Interview mit KIT-Präsident Holger Hanselka
Im Energiesystem der Zukunft müssen Energieerzeuger, Speicher und Verbraucher intelligent miteinander kommunizieren. Mit dem Energy Lab 2.0 versuchen Forscher ein Modell dieses Systems aufzubauen. Holger Hanselka, Präsident des Karlsruher Instituts für Technologie, erklärt den neuen Ansatz.
Mit dem Energy Lab 2.0 beschreiten Wissenschaftler neue Wege in der Energieforschung: Statt sich allein auf die Weiterentwicklung regenerativer Energiequellen zu konzentrieren, haben sie nun das komplette Energiesystem im Visier – eine intelligente Vernetzung von der Erzeugung über die Speicherung bis hin zum Verbrauch. Frank Grotelüschen sprach mit Holger Hanselka, Präsident des Karlsruher Instituts für Technologie (KIT) und Vizepräsident der Helmholtz-Gemeinschaft für den Forschungsbereich Energie über das Energiesystem der Zukunft.
In der öffentlichen Wahrnehmung geht es bei der Energiewende vor allem darum, die erneuerbaren Energien auszubauen und effizienter und damit günstiger zu machen. Genügt das für eine erfolgreiche Energiewende?

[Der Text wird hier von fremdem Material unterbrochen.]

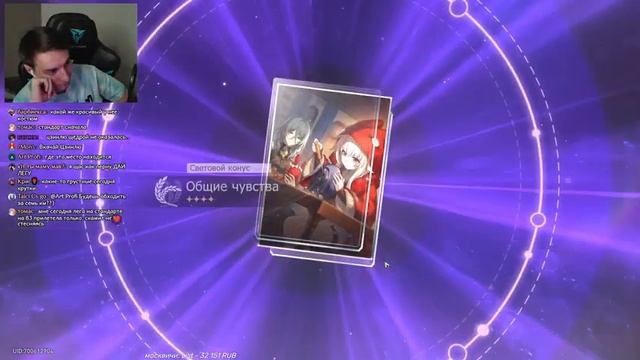 крутим вслепую...) смотреть онлайн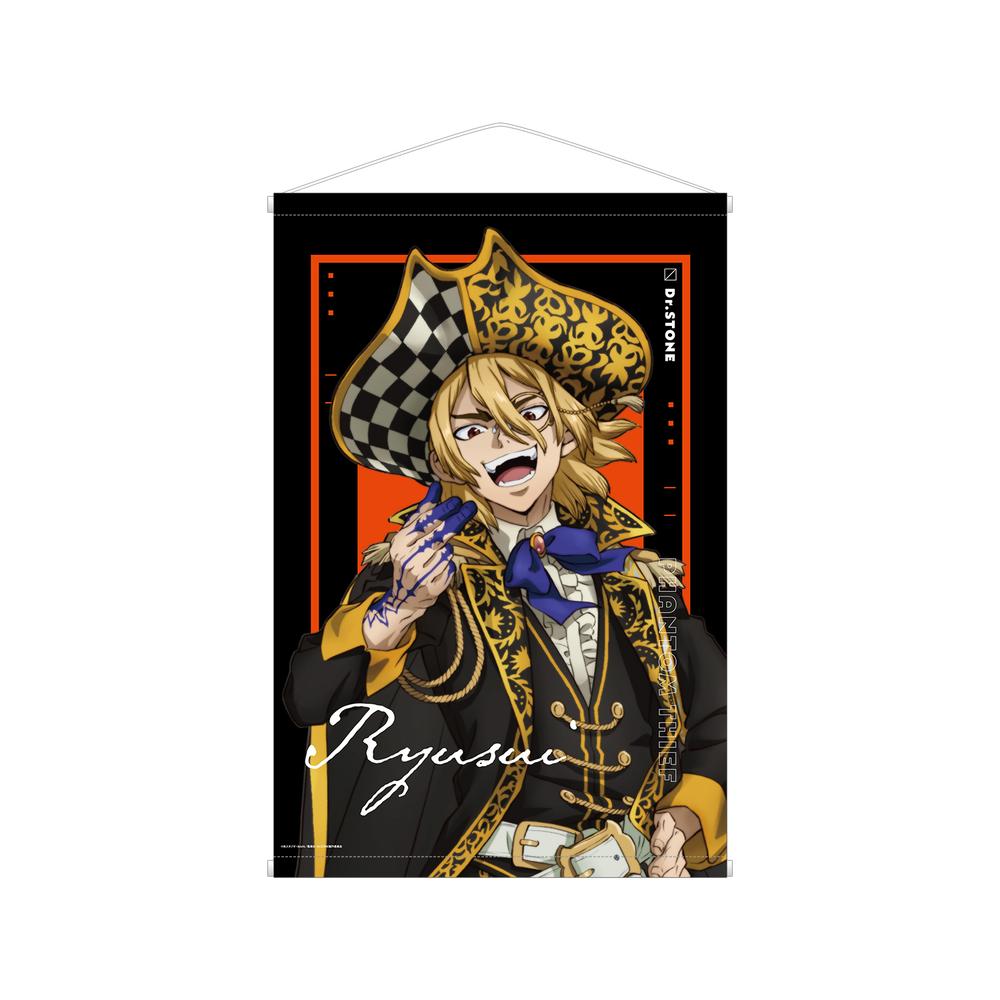 『Dr.STONE』描き下ろしイラスト 七海龍水 怪盗団ver. B2タペストリー【202510再販】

Sicherlich nicht. Der Ausbau von Wind- und Solarenergie betrifft lediglich einen Aspekt, und zwar den der Energieerzeugung. Doch die Energiewende umfasst deutlich mehr – nämlich Umwandlung, Speicherung, Transport und Verbrauch von Energie. Energiewende bedeutet also, dass wir das gesamte Energiesystem, das sich über Jahrhunderte etabliert hat, komplett umbauen müssen. Das im Zuge der Industrialisierung entstandene zentralisierte Energiesystem mit am Ende sehr effizienten Großkraftwerken, die über das Stromnetz die Energie zum Verbraucher bringen, funktioniert jedoch nur als Einbahnstraße: Der Kunde fungiert hier lediglich als Verbraucher, ein Rückfluss ins System findet nicht statt. Doch genau diese Kunden werden heute immer öfter selbst zu Erzeugern mit eigener Solaranlage auf dem Dach. Dieser Übergang stellt noch große Herausforderungen für unser heutiges Energiesystem dar, die wir gerne annehmen und für die wir auch schon bestens aufgestellt sind.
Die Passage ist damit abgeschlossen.